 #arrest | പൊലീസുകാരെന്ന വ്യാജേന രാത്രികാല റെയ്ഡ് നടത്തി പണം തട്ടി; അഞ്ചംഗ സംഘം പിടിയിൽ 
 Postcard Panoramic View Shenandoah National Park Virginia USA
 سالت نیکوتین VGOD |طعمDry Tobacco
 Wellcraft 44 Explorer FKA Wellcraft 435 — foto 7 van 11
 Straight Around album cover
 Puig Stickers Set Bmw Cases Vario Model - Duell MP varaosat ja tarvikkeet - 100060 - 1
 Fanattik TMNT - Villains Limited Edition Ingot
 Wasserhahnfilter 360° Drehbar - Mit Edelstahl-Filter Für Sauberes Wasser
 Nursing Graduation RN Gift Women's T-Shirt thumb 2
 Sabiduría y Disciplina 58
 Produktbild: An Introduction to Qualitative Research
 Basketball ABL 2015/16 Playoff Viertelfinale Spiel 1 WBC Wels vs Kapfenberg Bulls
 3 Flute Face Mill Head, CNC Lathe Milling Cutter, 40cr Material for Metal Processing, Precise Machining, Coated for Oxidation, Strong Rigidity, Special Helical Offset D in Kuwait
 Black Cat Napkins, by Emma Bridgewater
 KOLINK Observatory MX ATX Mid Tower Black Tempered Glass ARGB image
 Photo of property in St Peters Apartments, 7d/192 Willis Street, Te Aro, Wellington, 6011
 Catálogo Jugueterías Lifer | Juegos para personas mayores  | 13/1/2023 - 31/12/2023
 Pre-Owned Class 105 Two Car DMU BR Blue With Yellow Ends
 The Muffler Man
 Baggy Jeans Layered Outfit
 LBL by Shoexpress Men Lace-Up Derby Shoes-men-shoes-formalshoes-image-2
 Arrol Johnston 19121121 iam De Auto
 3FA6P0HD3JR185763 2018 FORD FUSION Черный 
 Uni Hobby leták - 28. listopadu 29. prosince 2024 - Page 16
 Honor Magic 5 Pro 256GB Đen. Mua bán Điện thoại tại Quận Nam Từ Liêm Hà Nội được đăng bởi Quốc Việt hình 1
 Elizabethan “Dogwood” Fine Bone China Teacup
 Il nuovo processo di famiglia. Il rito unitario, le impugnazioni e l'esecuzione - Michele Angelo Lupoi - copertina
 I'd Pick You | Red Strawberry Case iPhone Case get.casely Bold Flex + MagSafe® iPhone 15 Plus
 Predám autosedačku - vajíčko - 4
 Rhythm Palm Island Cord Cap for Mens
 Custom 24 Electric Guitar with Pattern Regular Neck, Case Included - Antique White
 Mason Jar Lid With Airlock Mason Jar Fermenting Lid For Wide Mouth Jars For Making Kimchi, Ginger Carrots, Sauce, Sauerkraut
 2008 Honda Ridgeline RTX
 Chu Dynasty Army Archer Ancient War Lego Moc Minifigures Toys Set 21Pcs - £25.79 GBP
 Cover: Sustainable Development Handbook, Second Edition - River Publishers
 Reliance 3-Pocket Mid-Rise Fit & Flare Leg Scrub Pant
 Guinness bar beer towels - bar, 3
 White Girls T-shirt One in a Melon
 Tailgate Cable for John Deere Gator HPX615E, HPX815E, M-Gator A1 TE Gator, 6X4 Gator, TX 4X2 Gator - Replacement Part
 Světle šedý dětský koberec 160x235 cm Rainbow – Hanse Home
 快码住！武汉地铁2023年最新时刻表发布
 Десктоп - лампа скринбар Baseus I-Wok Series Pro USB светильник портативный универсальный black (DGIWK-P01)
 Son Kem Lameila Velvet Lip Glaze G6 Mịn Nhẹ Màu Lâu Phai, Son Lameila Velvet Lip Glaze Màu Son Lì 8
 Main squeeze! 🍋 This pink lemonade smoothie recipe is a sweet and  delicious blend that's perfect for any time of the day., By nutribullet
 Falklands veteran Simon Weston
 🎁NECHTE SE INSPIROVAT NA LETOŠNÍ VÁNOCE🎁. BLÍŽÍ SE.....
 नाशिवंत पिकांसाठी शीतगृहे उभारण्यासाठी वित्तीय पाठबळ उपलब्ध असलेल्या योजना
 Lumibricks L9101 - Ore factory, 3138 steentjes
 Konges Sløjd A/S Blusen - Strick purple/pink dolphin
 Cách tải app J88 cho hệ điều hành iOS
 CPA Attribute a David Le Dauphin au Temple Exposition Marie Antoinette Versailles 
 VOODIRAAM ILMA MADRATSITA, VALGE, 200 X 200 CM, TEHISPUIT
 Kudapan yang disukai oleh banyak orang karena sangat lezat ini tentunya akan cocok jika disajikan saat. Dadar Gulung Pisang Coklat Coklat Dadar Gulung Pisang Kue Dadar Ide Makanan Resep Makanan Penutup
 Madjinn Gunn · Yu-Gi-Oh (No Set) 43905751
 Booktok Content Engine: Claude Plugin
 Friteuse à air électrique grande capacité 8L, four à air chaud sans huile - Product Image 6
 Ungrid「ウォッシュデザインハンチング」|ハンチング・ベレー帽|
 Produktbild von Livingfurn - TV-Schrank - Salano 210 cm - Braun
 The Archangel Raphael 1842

Exercise description
The response must hold only the lines above from the line with "Black Cat Napkins, by Emma Bridgewater" through the line with "Catálogo Jugueterías Lifer", each copied exactly, both ends kept.

Solved exercise
 Black Cat Napkins, by Emma Bridgewater
 KOLINK Observatory MX ATX Mid Tower Black Tempered Glass ARGB image
 Photo of property in St Peters Apartments, 7d/192 Willis Street, Te Aro, Wellington, 6011
 Catálogo Jugueterías Lifer | Juegos para personas mayores  | 13/1/2023 - 31/12/2023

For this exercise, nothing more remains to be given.